How to combine TaskT with the monad instance of Trampoline to get stackless async computations?

2
votes

Trampoline is a monad and adds stack-safety to a monad transformer stack. It achieves this by relying on a special interpreter (monadRec), which is fed with the result of a monadic computation (actually it is a specialized version of the free monad pattern). For this reason the Trampoline monad must be the outermost monad, that is the base monad of the transformer stack.
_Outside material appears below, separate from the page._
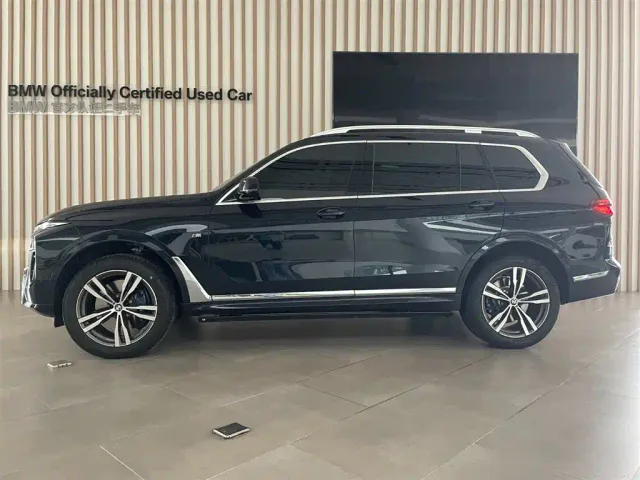 BMW X7 — Фото автомобиля 3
In the following setting TaskT (which is essentially Cont with sharing) is the monad transformer and Trampoline the base monad:

// TASK

const TaskT = taskt => record(
  TaskT,
  thisify(o => {
    o.taskt = k =>
      taskt(x => {
        o.taskt = k_ => k_(x);
        return k(x);
      });

    return o;
  }));

// Monad

const taskChainT = mmx => fmm =>
  TaskT(k =>
    mmx.taskt(x =>
      fmm(x).taskt(k)));

const taskOfT = x =>
  TaskT(k => k(x));

// Transformer

const taskLiftT = chain => mmx =>
  TaskT(k => chain(mmx) (k));

// auxiliary functions

const taskAndT = mmx => mmy =>
  taskChainT(mmx) (x =>
    taskChainT(mmy) (y =>
      taskOfT([x, y])));

const delayTaskT = f => ms => x =>
  TaskT(k => setTimeout(comp(k) (f), ms, x));

const record = (type, o) => (
  o[Symbol.toStringTag] = type.name || type, o);

const thisify = f => f({});

const log = (...ss) =>
  (console.log(...ss), ss[ss.length - 1]);

// TRAMPOLINE

const monadRec = o => {
  while (o.tag === "Chain")
    o = o.fm(o.chain);

  return o.tag === "Of"
    ? o.of
    : _throw(new TypeError("unknown trampoline tag"));
};

// tags

const Chain = chain => fm =>
  ({tag: "Chain", fm, chain});


const Of = of =>
  ({tag: "Of", of});

// Monad

const recOf = Of;

const recChain = mx => fm =>
  mx.tag === "Chain" ? Chain(mx.chain) (x => recChain(mx.fm(x)) (fm))
    : mx.tag === "Of" ? fm(mx.of)
    : _throw(new TypeError("unknown trampoline tag"));

// MAIN

const foo = x =>
  Chain(delayTaskT(x => x) (0) (x)) (Of);

const bar = taskAndT(
  taskLiftT(recChain) (foo(1)))
    (taskLiftT(recChain) (foo(2))); // yields TaskT

const main = bar.taskt(x => Of(log(x))); // yields Chain({fm, chain: TaskT})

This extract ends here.